I have been thinking. I wonder if the RIAA understands the impact of closing oink. I used to get all my music from oink. I could hear of something, then download it from oink. I could listen to the band and enjoy their music. Prior to me joining oink I didn't listen to new music. I was listening to the fossil rock that i was raised with and some trance from my partying days. Regardless there was no new music being listened to and no money going to new artists. Since discovering oink, I have been exposed to all sorts of new music. I have fallen in love with a band that i would never have listened to without it. I have been to their concert and i even bought a t-shirt. Thank you oink for exposing me to music I would never have heard. I guess until I find a repacement, i'll go back to the tunes i grew up with in the 70's and 80's. I guess i can turn on the radio for that. All my favorite classic rock tunes are on 101.1fm free all day. Everything else is on various formats of media. Unless they wanna take the radio station down for giving everybody the opportunity to listen to music for free and making money from "donations" or advertizing revenue. Another issue i see is that in Canada we pay a levy .22cents per cdr that we buy. No matter what its used for, we still pay the levy to the recording industry. We have been told its to pay for the right to put music downloaded from the internet on these disks.

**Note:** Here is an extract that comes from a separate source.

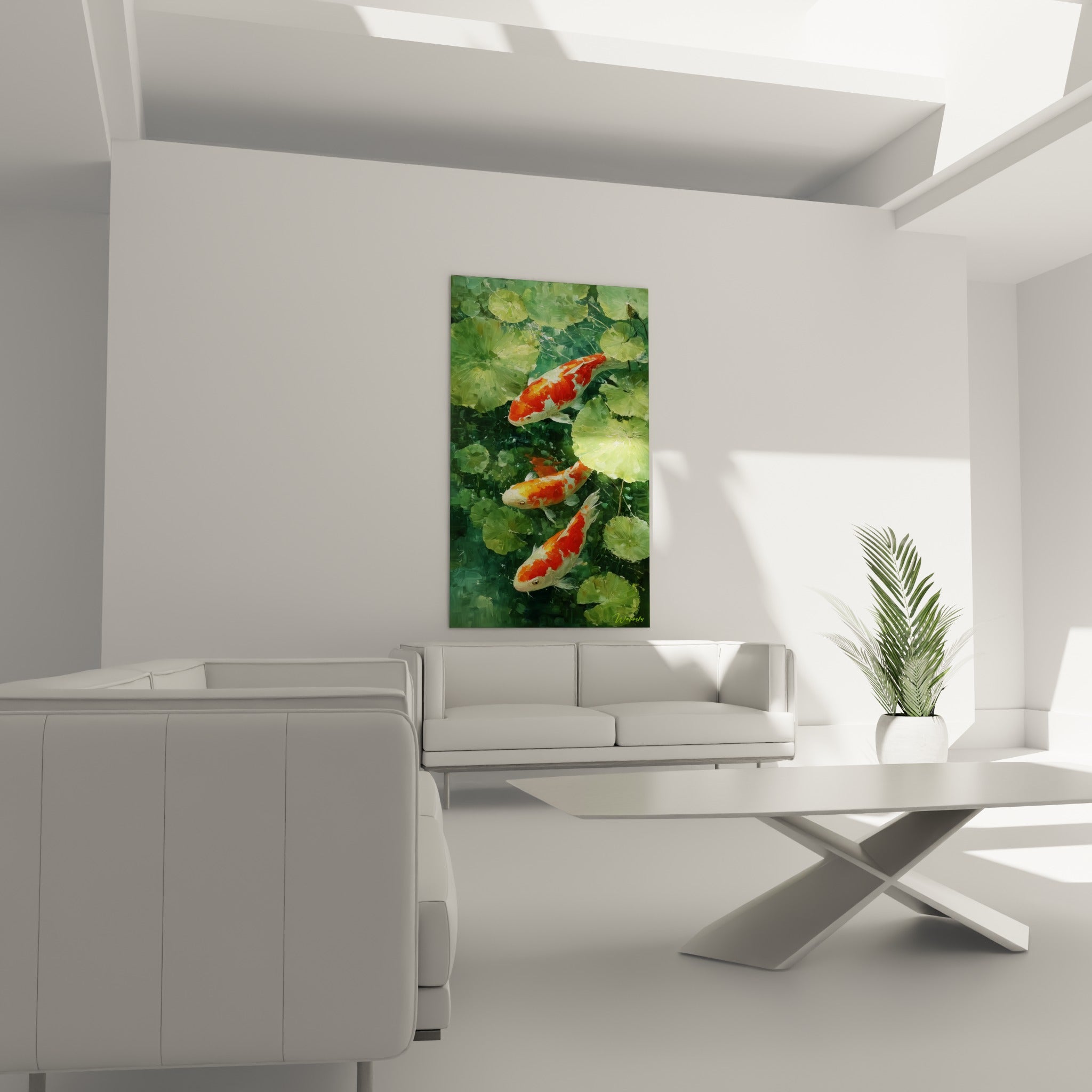 Poissons koï aux écailles orange vif entre les nénuphars émeraude, au-dessus d'un canapé dans un salon lumineux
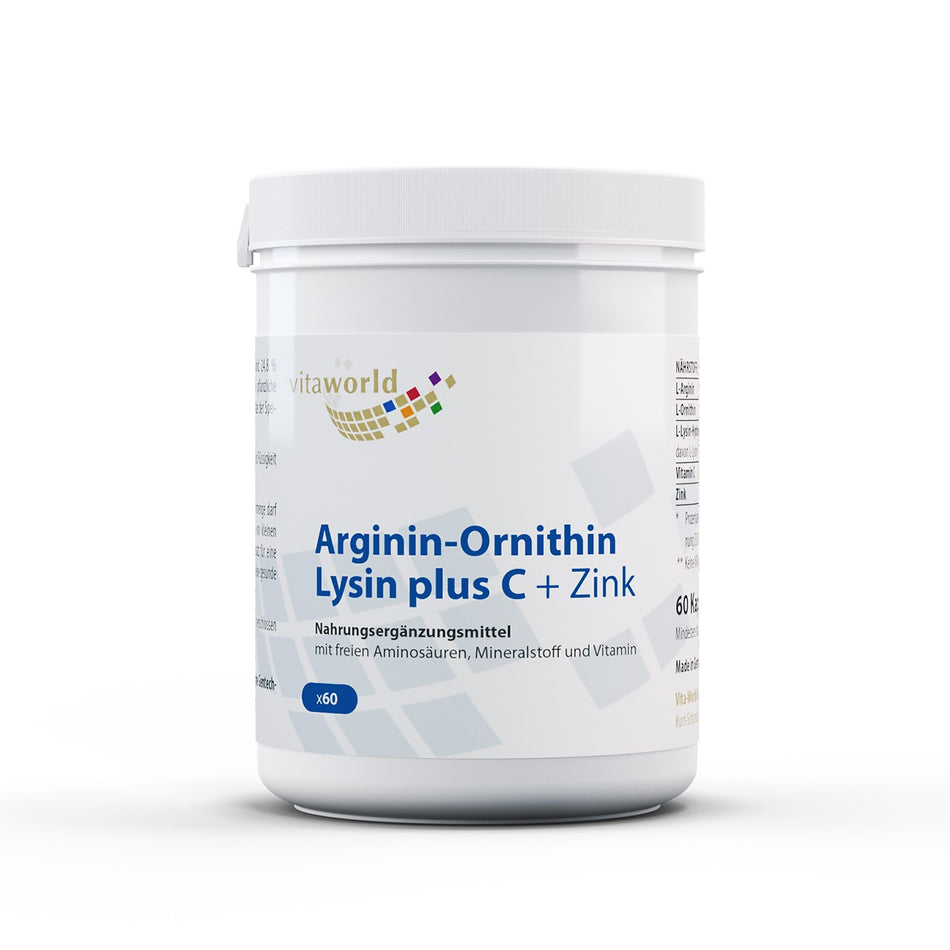 Arginin-Ornithin-Lysin + C + Zink / Аргинин-Орнитин-Лизин + Витамин C + Цинк, 60 капсули - BadiZdrav.BG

I guess my point is: The RIAA should learn to adapt in this ever changing world or the world is going to pass it by.
edit: And look at what has happened here. Not only is the community not resting, it seems to be growing stronger. There is no fear of anything it looks like. Braisin new site owners are trying to reel in all the old oink users. Some of the older sites that couldn't compete are welcoming the community with open arms.